One further relevant point should be mentioned here. Our argument for the technical feasibility of labour-time calculation clearly depends on both computer hardware and algorithms of fairly recent origin. It follows that those (both socialists and critics of socialism) who were arguing in the first half of the twentieth century that such calculation was impracticable, were probably quite correct at the time.

In other words, they are saying socialist critics who were ignored for 71 years were right all along, but now they're incorrect thanks to the wonders of capitalist technological advancement which make this "new" socialism possible. However, this betrays the same ignorance of the fundamental limits of computational modeling that is frequently demonstrated by those who attempt to model complex systems from climate change and the weather to macroecomics and macroevolution. In such complex, dynamic systems, the effect of each reasonable but inaccurate approximation is magnified by its multiplication with numerous other inaccuracies. As the butterfly effect shows, these systems are highly sensitive to even small changes in conditions, let alone the millions of inaccuracies inevitable in a massive centralized economy of the sort envisioned by the new socialists. The end result is hypothetical models which bear no relation whatsoever to the evidence derived from observing the actual process being modeled. Faster computers guarantee nothing but the ability to achieve the wrong answer more quickly.

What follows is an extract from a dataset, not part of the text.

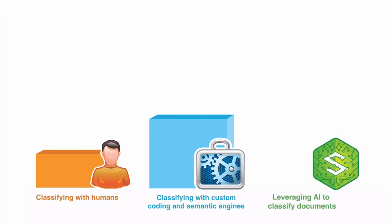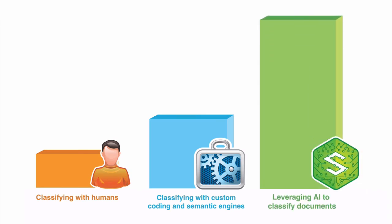Leveraging AI to classify documents delivers on the promise of an enterprise-wide consolidation of managed information.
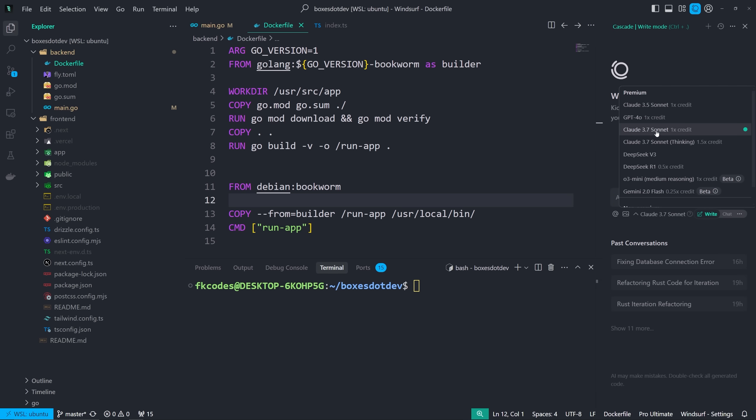Claude 3.7 Sonnet is available. It was added late to Windsurf, about 20 to 24 hours after Cursor added it, after GitHub Copilot added it. But here we are. We have 3.7 Sonnet and 3.7 Sonnet Thinking.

This logical objection is strongly supported by evidence of persistent inability of the European health care systems to fix the supply and demand inadequacies inspired by their price perversions despite computerization. Unfortunately, neither the theoretical nor the practical failures of central planning have reduced the American enthusiasm for its expansion throughout the American economy.

Until Americans cease to indulge in the socialist fantasy that central planning is either desirable or even reasonably functional, they will risk seeing their health care system and their nation go the way of the Deutsche Demokratische Republik, the dodo and the dinosaur.